Mutual Funds Will Honour All Your Redemption Requests Now
Jun 01, 2016

Author: PersonalFN Content & Research Team

The Amtek Auto episode has been a blessing in disguise for mutual fund investors. It got the Securities and Exchange Board of India (SEBI) to awake up to the JP Morgan Mutual Fund blunder. The reaction of the capital market regulator has been so strong that other mutual fund houses will not be able to follow the footsteps of JP Morgan Mutual Fund in future. The investment norms for mutual funds has changed in the recent past. SEBI also issued new disclosure rules, and now it is plugging the last loophole negligence.

SEBI has recently issued a circular tightening the redemption rules. JP Morgan Mutual Fund was believed to have favoured a few institutional investors to exit from two of its troubled schemes that held the tacky debt of Amtek Auto, but imposed restrictions on the redemptions for others.

An open-ended mutual fund scheme allows its investors to buy and redeem units anytime they want. However, fund houses such as JP Morgan imposed restrictions on redemptions without taking their investors into confidence in the past. Mutual funds denying redemptions for saving themselves is not a good sign, in fact it leaves a bad impression on investors.

The new redemption rules will govern all existing and to-be-launched schemes will come into effect on July 01, 2016. After this date, a mutual fund under no circumstances will be able to deny any redemption under an open-ended scheme upto the value of Rs 2 lakh. In other cases, mutual funds can impose the restriction on redemptions only under exceptional circumstances, affecting the market at large.

SEBI, in its circular dated May 31, 2016, has exclusively listed the situations that may qualify as exceptional ones. They include: market liquidity issues (and not the liquidity constrained of mutual funds), market failures, exchange closures, and significant operational and technical failures, among others.

Further, SEBI has clarified that restriction on redemption can be imposed for a period of ten days, only once in a financial quarter. The Board of Asset Management Companies (AMCs) as well as their trustees should approve such restriction and inform the capital market regulator about it as well.
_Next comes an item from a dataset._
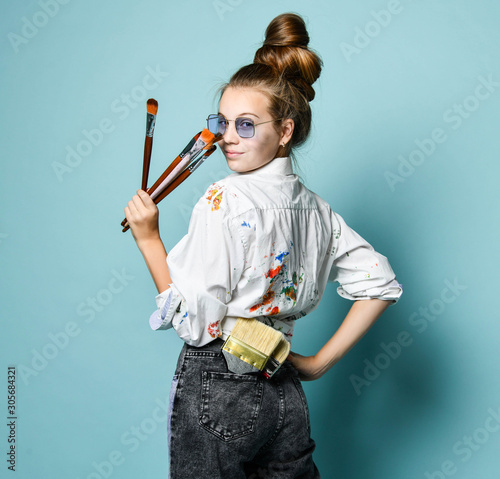 Young artist woman with a set of brushes in shirt with paint stains is at work, standing back, looking over her shoulder photo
SEBI has also asked mutual funds to clearly communicate the redemption restrictions and their applicability in scheme related documents.

Vindicating this move, SEBI said, “Recent instance resulting in application of restriction on redemption have necessitated a re-look into the circumstances that require such restriction on redemption. As a philosophy, restriction on redemption should apply during excess redemption requests that could arise in overall market crisis situations rather than exceptional circumstances of entity specific situations. The circumstances calling for restriction on redemption should be such that illiquidity is caused in almost all securities affecting the market at large, rather than in any issuer specific securities.”

PersonalFN is of the view that, SEBI has taken the right decision to draw-up restrictions on redemptions of mutual funds. The practice of charging exit loads is sufficient to discourage excessive churning. However, restrictions put in place to hide one’s failures are unjust.